I saw you hold your son's hand. He looked about 11 or 12.  That was my first tip off.  Most boys that age won't willingly hold their mom's hand in public.

I saw you view the hotel pool.  Scanning it to view all the potential triggers. Searching for the best place to set up camp for your family.  Closest to the exit plus closest to the pool.

I saw you prompt your son into the water or as close as he could manage at first.  His hands over his ears. He managed to sit on the side with his feet in.  I saw his eyes squinting tight but after a while,  relaxing.  His hands never really coming down off his head but relaxing, flapping from time to time.

I watched you, your husband and your daughter all get in the pool and stand around and in front of him. Forming a sensory shield.  All smiling but I noticed you mom still scanning the scene.  Ever watchful.

I gave you a big smile.  I know my tribe. I wanted to swim over and fist bump ya or give you a high five.  Of course, I had my own son to keep eyes on in the over crowded pool.  Plus, I never figured out a good opening line when I spot another ASD family.  "Flap here often?" isn't so smooth.   I just hoped you saw my smile was just that, a smile.  Not condescending or with pity.  I just wanted to acknowledge you.

I saw you later, the next morning, at breakfast.  You "opened the joint" like we do.  I smiled and wished you all a good morning.  I overheard your son ask quite anxiously "What time is it?" to which your husband replied quite wearily "It's vacation. It doesn't matter what time it is."  I heard you sigh.  You knew how it mattered but you also knew how your husband felt.  Doing that dance of trying to keep the peace.

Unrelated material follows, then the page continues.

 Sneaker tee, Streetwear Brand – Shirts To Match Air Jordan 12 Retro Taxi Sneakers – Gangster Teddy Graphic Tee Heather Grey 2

I hope you had a good vacation.  Maybe it's not the type of vacation others would enjoy but for your family, it was great.  I wish I could of told you it was nice to see one of our own.  That just seeing you and your family made me feel less outnumbered by the "typical" families all around me.  I wish we ran into each other more.  Maybe we would of had a chance to throw our heads back and laugh at a joke only we would understand.  Maybe some how you will see this blog and realize you weren't the only one at that resort with autism in your life.  I hope you and I might find more of our own wherever we go.  To keep us company.  To help and support.  To sound off and give advice.